# Riddick(2013)



## Itachi_forsaken (Feb 24, 2008)

has anyone heard anything about it yet? iv heard that is the title for it. i tried to find anything on it. but i havnt found anything. so if you know something. post it. i love the riddick movies. so hopefully it does come out and soon


----------



## Sunuvmann (Feb 24, 2008)

Wiki



> Possible sequels
> 
> In a March 8, 2006 article on Comingsoon.net [2], it was reported that Vin Diesel claimed that a sequel to The Chronicles of Riddick was in the works. According to him, he had already written a storyline that covered a trilogy which began with the Chronicles of Riddick. Another article on Comingsoon.net [3] written on March 11, 2005 reports that Vin Diesel states that Chronicles 2 was to deal with The Underverse [4], while Chronicles 3 was to conclude the series with a return to Furya.

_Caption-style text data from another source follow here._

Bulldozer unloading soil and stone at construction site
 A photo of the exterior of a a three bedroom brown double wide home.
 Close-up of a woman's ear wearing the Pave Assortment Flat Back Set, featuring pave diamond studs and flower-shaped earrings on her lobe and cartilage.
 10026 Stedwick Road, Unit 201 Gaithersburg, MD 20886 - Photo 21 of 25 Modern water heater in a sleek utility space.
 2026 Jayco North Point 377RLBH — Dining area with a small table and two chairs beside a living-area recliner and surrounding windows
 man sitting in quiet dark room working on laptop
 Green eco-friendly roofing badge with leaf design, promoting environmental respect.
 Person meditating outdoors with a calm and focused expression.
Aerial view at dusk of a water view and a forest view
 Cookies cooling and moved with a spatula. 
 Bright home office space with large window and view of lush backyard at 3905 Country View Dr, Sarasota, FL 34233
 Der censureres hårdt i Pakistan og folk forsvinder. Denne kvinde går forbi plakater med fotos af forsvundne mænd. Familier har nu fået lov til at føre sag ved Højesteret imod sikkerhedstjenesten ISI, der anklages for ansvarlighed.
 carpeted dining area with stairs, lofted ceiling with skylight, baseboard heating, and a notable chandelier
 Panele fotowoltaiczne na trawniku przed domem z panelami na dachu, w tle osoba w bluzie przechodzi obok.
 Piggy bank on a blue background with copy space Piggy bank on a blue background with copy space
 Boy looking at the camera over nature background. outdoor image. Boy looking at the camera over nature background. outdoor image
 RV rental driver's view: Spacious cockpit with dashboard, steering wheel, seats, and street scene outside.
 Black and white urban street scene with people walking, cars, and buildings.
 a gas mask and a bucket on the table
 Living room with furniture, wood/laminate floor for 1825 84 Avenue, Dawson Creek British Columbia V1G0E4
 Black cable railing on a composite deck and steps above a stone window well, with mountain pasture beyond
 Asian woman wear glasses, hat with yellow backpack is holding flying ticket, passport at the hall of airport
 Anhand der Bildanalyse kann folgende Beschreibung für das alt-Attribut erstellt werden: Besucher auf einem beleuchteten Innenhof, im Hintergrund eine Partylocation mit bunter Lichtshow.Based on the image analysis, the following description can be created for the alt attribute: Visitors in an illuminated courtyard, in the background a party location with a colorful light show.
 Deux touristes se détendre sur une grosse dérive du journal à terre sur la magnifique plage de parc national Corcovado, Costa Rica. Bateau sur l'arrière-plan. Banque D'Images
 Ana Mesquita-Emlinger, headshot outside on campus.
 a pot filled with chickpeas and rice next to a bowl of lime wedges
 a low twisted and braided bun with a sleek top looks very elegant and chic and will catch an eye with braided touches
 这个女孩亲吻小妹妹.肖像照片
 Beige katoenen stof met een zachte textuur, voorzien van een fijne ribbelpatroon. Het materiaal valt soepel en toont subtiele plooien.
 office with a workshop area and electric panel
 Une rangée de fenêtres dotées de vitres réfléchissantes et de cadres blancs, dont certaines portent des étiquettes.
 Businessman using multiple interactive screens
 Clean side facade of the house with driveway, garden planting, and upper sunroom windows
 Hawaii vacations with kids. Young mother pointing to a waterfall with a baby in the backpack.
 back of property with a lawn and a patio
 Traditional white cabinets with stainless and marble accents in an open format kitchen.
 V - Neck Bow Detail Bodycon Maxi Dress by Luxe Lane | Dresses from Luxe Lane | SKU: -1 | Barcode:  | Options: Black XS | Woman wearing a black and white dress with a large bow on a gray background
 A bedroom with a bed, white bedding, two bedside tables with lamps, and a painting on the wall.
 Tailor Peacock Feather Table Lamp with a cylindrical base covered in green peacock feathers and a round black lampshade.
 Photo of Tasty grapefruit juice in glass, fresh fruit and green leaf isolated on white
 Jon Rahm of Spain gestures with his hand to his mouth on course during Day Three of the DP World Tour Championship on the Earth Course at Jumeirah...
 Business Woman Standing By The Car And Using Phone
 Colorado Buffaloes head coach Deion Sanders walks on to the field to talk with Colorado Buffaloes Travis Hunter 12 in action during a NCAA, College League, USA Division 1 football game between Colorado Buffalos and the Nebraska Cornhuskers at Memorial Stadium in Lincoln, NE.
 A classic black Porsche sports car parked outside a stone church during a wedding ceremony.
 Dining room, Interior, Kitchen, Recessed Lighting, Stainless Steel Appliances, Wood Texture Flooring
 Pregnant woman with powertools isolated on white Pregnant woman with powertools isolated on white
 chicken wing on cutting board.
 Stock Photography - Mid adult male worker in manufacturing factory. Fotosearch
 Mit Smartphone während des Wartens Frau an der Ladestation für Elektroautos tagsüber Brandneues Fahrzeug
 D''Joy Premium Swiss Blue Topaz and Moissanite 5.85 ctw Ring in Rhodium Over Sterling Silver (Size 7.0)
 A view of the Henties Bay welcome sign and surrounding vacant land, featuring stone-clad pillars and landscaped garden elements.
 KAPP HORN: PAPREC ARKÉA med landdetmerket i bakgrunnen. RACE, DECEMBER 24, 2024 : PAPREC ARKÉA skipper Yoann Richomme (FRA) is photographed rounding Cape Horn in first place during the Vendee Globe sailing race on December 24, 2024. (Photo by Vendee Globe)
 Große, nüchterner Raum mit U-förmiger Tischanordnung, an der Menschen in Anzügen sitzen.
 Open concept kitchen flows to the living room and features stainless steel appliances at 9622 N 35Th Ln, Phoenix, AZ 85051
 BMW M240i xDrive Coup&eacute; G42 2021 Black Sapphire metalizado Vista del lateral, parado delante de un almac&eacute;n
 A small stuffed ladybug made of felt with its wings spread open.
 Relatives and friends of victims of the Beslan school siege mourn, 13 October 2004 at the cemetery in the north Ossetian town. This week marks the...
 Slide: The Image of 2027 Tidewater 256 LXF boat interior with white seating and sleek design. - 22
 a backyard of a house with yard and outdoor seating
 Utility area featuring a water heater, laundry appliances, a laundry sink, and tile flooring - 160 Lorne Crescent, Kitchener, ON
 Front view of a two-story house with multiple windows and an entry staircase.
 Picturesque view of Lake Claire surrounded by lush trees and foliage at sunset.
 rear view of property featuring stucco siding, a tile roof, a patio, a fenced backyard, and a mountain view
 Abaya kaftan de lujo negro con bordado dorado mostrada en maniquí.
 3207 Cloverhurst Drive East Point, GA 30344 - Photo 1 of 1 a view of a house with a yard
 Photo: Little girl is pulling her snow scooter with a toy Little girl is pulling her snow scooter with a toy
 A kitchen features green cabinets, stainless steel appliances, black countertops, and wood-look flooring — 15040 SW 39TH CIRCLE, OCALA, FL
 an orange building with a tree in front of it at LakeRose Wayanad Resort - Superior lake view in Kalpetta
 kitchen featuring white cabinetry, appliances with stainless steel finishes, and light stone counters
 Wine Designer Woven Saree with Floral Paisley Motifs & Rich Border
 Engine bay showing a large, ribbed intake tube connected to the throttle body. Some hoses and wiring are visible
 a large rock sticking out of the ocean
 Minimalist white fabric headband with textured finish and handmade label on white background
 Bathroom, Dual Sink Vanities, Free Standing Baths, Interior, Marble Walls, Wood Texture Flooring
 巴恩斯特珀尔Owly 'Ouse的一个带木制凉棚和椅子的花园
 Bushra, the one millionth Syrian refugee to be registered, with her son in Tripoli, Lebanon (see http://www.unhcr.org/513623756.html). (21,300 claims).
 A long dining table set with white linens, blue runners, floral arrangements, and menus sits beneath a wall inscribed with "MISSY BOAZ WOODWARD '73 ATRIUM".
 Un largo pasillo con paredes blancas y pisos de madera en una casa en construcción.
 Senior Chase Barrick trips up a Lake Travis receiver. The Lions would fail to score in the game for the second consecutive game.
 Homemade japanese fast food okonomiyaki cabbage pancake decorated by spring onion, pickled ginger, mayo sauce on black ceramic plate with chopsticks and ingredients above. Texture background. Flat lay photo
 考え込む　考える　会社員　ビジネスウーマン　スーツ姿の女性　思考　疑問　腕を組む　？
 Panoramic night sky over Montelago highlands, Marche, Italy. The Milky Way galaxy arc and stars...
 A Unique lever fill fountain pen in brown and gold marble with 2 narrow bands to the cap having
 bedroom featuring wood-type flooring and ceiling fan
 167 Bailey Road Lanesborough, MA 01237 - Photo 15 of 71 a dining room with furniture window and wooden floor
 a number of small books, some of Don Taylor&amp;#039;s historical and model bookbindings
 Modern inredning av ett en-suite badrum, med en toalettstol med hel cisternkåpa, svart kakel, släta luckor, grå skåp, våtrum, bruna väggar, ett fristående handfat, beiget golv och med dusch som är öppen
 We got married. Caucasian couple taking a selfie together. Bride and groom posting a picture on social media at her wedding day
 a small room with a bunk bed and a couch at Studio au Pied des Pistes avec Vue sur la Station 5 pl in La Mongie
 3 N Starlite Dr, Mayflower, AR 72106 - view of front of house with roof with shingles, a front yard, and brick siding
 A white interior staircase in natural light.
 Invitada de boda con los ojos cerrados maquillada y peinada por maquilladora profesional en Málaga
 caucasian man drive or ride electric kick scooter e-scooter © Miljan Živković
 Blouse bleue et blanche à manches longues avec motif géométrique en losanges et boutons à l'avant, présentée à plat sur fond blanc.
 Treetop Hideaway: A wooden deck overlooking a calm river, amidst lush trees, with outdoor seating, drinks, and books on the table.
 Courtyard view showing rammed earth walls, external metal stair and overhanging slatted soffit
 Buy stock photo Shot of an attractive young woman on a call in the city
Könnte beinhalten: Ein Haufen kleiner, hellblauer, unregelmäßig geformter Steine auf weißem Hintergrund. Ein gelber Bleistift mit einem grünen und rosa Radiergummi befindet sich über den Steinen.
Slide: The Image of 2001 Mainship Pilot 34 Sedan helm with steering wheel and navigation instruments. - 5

Well considering its been so long, I'd say its in pre-production hell.


----------



## Itachi_forsaken (Feb 24, 2008)

Sunuvmann said:


> Wiki
> 
> 
> 
> Well considering its been so long, I'd say its in pre-production hell.



haha man. i hope they make it. its already been so long since the last one


----------



## Rock Lee (Feb 24, 2008)

I hope i comes out,i have been waiting for another riddick movie for the longest.


----------



## MF NaruSimpson (Feb 24, 2008)

chronicles of riddick sucked.  Pitch black was 100 times better.  ANd diesel is writing it, what?


----------



## masamune1 (Feb 24, 2008)

THey should have done a Prequel or something (I think there's an X-Box one showing hiss original capture an imprisonment). _Chronicles of Riddick_ took Riddick out of his element- he belongs in darker, grittier and altogether smaller-scale stories, rather than a _Star Trek_/ Borg clone.


----------



## Wilham (Feb 25, 2008)

I liked chronicles to an extent but felt that it went totally away from the badassness of pitch black.


----------



## Sasuke (Feb 25, 2008)

I hope another Riddick movie is made, I had heard about what Sunuv posted but I forgot all about it.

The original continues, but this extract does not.